### Short descriptive text snippets
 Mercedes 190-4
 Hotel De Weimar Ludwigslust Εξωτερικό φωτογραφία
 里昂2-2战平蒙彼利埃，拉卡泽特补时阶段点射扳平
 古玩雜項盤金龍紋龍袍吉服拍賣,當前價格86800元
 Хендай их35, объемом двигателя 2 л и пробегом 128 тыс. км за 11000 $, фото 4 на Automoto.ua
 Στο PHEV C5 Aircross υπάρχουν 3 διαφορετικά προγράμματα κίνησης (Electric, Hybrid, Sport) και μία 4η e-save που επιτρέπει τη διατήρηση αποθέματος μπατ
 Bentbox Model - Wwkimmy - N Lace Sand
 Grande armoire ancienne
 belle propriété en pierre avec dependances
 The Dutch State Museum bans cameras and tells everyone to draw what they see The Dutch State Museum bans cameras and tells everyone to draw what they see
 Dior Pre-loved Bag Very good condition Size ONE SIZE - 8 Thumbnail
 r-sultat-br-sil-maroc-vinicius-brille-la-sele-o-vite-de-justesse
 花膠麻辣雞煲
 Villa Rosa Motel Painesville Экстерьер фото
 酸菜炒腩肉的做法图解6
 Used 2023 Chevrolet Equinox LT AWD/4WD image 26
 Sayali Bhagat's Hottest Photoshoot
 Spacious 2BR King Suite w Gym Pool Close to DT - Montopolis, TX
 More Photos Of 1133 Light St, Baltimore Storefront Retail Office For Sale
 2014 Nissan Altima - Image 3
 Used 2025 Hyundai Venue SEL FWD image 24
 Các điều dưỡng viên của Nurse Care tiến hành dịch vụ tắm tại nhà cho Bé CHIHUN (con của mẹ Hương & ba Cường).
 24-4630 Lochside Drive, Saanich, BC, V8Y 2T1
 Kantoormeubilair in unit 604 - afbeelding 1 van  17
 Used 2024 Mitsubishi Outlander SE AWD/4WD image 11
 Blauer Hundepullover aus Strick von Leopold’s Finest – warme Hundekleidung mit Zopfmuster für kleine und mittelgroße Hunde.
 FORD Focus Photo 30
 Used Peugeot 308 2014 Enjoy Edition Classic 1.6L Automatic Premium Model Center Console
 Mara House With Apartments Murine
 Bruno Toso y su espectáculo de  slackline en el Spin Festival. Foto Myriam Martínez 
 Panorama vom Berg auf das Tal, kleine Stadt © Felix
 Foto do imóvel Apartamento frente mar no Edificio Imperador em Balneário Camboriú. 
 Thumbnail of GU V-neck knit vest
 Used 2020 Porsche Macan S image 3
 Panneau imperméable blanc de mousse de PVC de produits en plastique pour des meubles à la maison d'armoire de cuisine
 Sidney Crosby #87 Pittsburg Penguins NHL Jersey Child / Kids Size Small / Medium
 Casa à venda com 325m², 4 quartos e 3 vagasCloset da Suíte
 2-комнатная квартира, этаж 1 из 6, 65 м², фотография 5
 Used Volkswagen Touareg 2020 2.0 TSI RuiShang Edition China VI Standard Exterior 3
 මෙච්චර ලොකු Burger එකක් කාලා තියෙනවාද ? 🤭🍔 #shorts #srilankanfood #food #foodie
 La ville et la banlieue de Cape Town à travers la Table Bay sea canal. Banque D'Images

### Work instruction
Retype the records above in full. Every word should match.

### Result of the task
 Mercedes 190-4
 Hotel De Weimar Ludwigslust Εξωτερικό φωτογραφία
 里昂2-2战平蒙彼利埃，拉卡泽特补时阶段点射扳平
 古玩雜項盤金龍紋龍袍吉服拍賣,當前價格86800元
 Хендай их35, объемом двигателя 2 л и пробегом 128 тыс. км за 11000 $, фото 4 на Automoto.ua
 Στο PHEV C5 Aircross υπάρχουν 3 διαφορετικά προγράμματα κίνησης (Electric, Hybrid, Sport) και μία 4η e-save που επιτρέπει τη διατήρηση αποθέματος μπατ
 Bentbox Model - Wwkimmy - N Lace Sand
 Grande armoire ancienne
 belle propriété en pierre avec dependances
 The Dutch State Museum bans cameras and tells everyone to draw what they see The Dutch State Museum bans cameras and tells everyone to draw what they see
 Dior Pre-loved Bag Very good condition Size ONE SIZE - 8 Thumbnail
 r-sultat-br-sil-maroc-vinicius-brille-la-sele-o-vite-de-justesse
 花膠麻辣雞煲
 Villa Rosa Motel Painesville Экстерьер фото
 酸菜炒腩肉的做法图解6
 Used 2023 Chevrolet Equinox LT AWD/4WD image 26
 Sayali Bhagat's Hottest Photoshoot
 Spacious 2BR King Suite w Gym Pool Close to DT - Montopolis, TX
 More Photos Of 1133 Light St, Baltimore Storefront Retail Office For Sale
 2014 Nissan Altima - Image 3
 Used 2025 Hyundai Venue SEL FWD image 24
 Các điều dưỡng viên của Nurse Care tiến hành dịch vụ tắm tại nhà cho Bé CHIHUN (con của mẹ Hương & ba Cường).
 24-4630 Lochside Drive, Saanich, BC, V8Y 2T1
 Kantoormeubilair in unit 604 - afbeelding 1 van  17
 Used 2024 Mitsubishi Outlander SE AWD/4WD image 11
 Blauer Hundepullover aus Strick von Leopold’s Finest – warme Hundekleidung mit Zopfmuster für kleine und mittelgroße Hunde.
 FORD Focus Photo 30
 Used Peugeot 308 2014 Enjoy Edition Classic 1.6L Automatic Premium Model Center Console
 Mara House With Apartments Murine
 Bruno Toso y su espectáculo de  slackline en el Spin Festival. Foto Myriam Martínez 
 Panorama vom Berg auf das Tal, kleine Stadt © Felix
 Foto do imóvel Apartamento frente mar no Edificio Imperador em Balneário Camboriú. 
 Thumbnail of GU V-neck knit vest
 Used 2020 Porsche Macan S image 3
 Panneau imperméable blanc de mousse de PVC de produits en plastique pour des meubles à la maison d'armoire de cuisine
 Sidney Crosby #87 Pittsburg Penguins NHL Jersey Child / Kids Size Small / Medium
 Casa à venda com 325m², 4 quartos e 3 vagasCloset da Suíte
 2-комнатная квартира, этаж 1 из 6, 65 м², фотография 5
 Used Volkswagen Touareg 2020 2.0 TSI RuiShang Edition China VI Standard Exterior 3
 මෙච්චර ලොකු Burger එකක් කාලා තියෙනවාද ? 🤭🍔 #shorts #srilankanfood #food #foodie
 La ville et la banlieue de Cape Town à travers la Table Bay sea canal. Banque D'Images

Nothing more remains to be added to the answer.